ECB’s approach to the drought and heat wave scenario differs from its approach to the flood scenario. In the drought/heat wave scenario, the ECB is asking banks to imagine a reduction in economic activity from vulnerable sectors like agriculture and construction. To model this possibility, participants will be given sector-specific losses for each EU country.
Meanwhile, the flood risk analysis looks at damages to properties serving as collateral for mortgages and other secured loans. For this part of the exercise, the ECB is supplying banks with data on reductions to real estate values in various regions.
Why banks and regulators need to quantify physical risk
Including physical risk in this stress test is critical for any exercise examining the implications of climate change. There is ample evidence that banks and other institutions underprice physical risks, meaning investment is diverted away from attempts to mitigate and adapt with the climate crisis.
While it’s encouraging to see the ECB prompting institutions to take their analysis further, decision-makers will need to consider the full range of climatic events over much longer timescales if they want an accurate impression of the risks facing their business.

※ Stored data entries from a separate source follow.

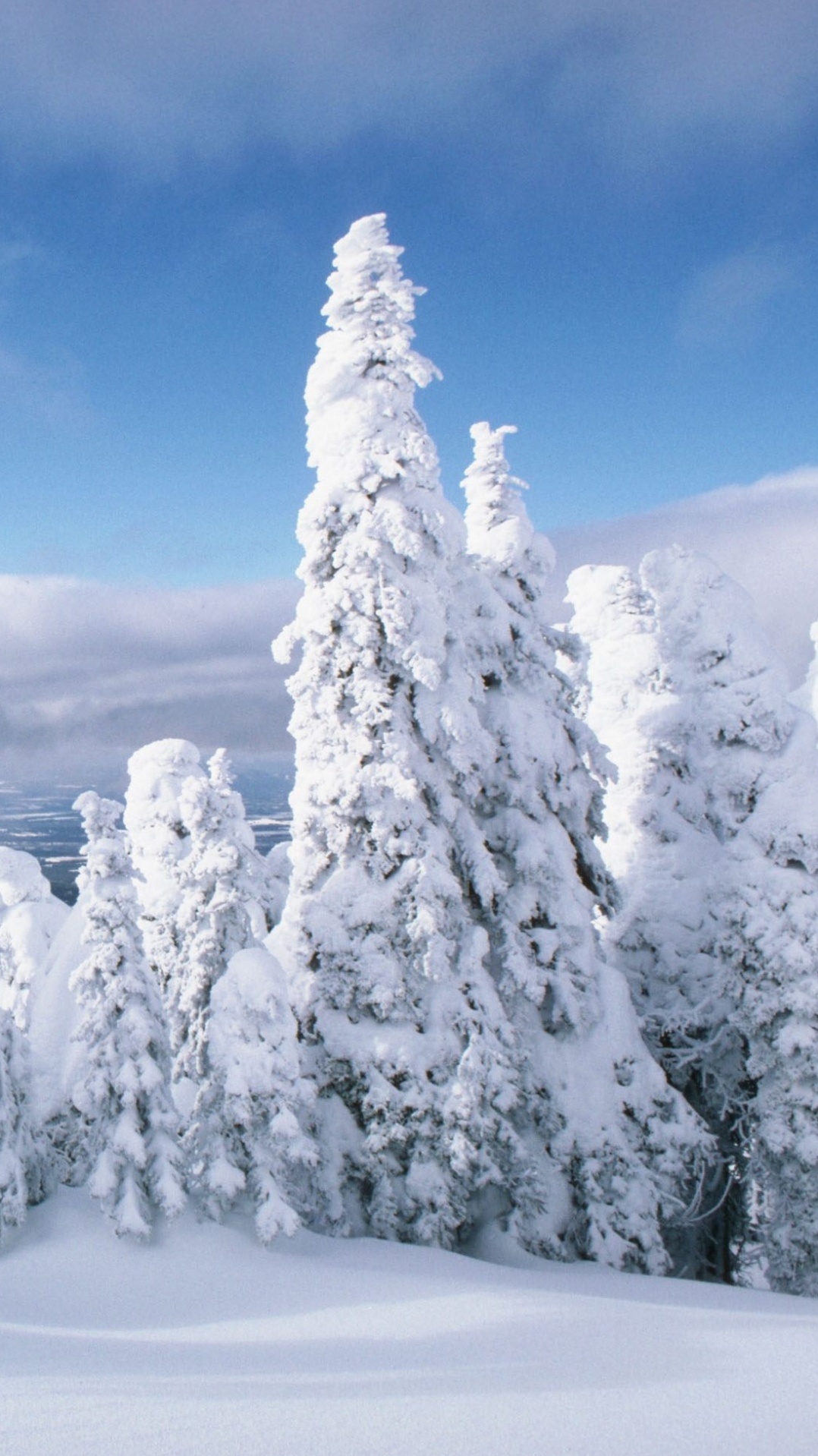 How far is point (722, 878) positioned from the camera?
18.9m

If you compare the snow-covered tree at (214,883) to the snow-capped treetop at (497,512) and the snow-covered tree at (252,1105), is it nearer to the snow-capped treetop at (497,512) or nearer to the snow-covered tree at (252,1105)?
the snow-covered tree at (252,1105)

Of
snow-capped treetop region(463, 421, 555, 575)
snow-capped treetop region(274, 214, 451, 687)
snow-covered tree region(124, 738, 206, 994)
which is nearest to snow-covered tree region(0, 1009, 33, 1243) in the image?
snow-covered tree region(124, 738, 206, 994)

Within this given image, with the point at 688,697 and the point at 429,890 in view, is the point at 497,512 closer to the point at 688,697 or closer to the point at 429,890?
the point at 688,697

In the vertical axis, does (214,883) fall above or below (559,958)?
above

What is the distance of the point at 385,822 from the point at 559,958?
4196 millimetres

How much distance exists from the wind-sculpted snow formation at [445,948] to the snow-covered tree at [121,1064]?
0.17 ft

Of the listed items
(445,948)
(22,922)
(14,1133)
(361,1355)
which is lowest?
(361,1355)

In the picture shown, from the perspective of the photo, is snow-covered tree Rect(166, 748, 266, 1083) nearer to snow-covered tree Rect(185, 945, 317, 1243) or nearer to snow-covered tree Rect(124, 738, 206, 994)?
snow-covered tree Rect(185, 945, 317, 1243)

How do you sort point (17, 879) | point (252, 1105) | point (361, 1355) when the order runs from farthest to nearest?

It is vital for the ECB and other regulators to include portfolio-level assessments when conducting similar exercises in the future. These assessments should include data on the locations of the various assets within each bank’s portfolio. Having this granularity of data is the only way for institutions to accurately and completely assess their exposure to physical risks caused by climate change, fully leveraging integrated models that capture the geospatial dependencies of their assets.
To reach this level of accuracy, regulators must encourage banks to integrate Climate Intelligence technologies, like EarthScanTM, that provide asset-level analysis. Using these technologies, and the insights they provide, will empower banks to adapt their business models and portfolios with climate change.